>>>>>

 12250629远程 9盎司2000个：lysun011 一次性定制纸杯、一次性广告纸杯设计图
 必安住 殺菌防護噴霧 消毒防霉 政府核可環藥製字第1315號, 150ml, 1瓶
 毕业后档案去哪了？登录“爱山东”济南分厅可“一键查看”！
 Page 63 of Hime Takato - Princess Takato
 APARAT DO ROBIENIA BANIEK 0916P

<<<<<
>>>>>

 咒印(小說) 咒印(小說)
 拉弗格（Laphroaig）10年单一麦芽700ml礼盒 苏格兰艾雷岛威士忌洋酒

<<<<<
>>>>>

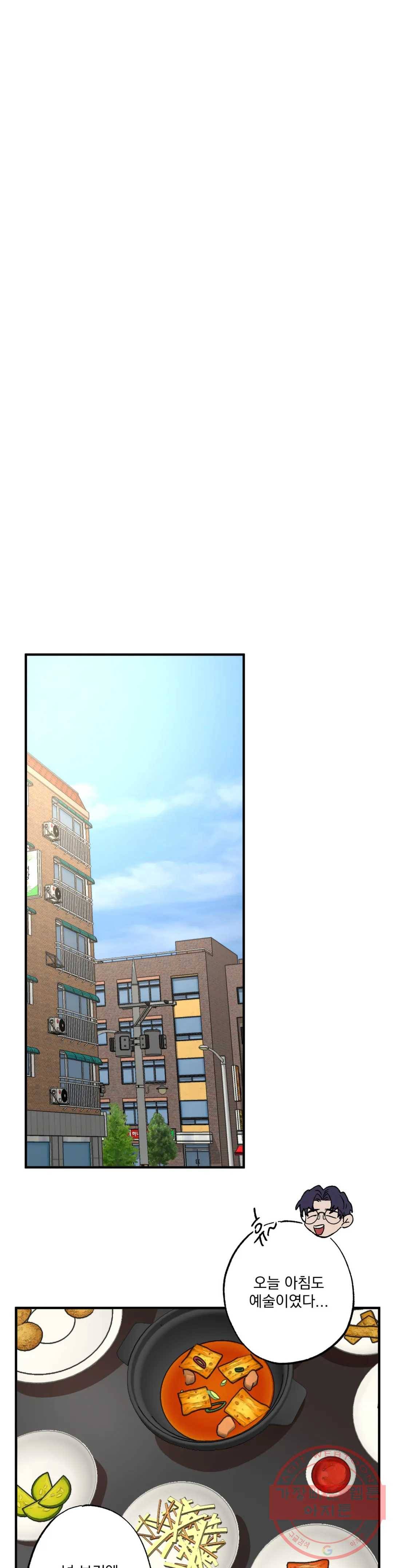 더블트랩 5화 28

<<<<<

Taking the records above, retype every line from the one with "12250629远程 9盎司2000个：lysun011 一次性定制纸杯、一次性广告纸杯设计图" down to the one with "APARAT DO ROBIENIA BANIEK 0916P", exactly and with nothing else.

 12250629远程 9盎司2000个：lysun011 一次性定制纸杯、一次性广告纸杯设计图
 必安住 殺菌防護噴霧 消毒防霉 政府核可環藥製字第1315號, 150ml, 1瓶
 毕业后档案去哪了？登录“爱山东”济南分厅可“一键查看”！
 Page 63 of Hime Takato - Princess Takato
 APARAT DO ROBIENIA BANIEK 0916P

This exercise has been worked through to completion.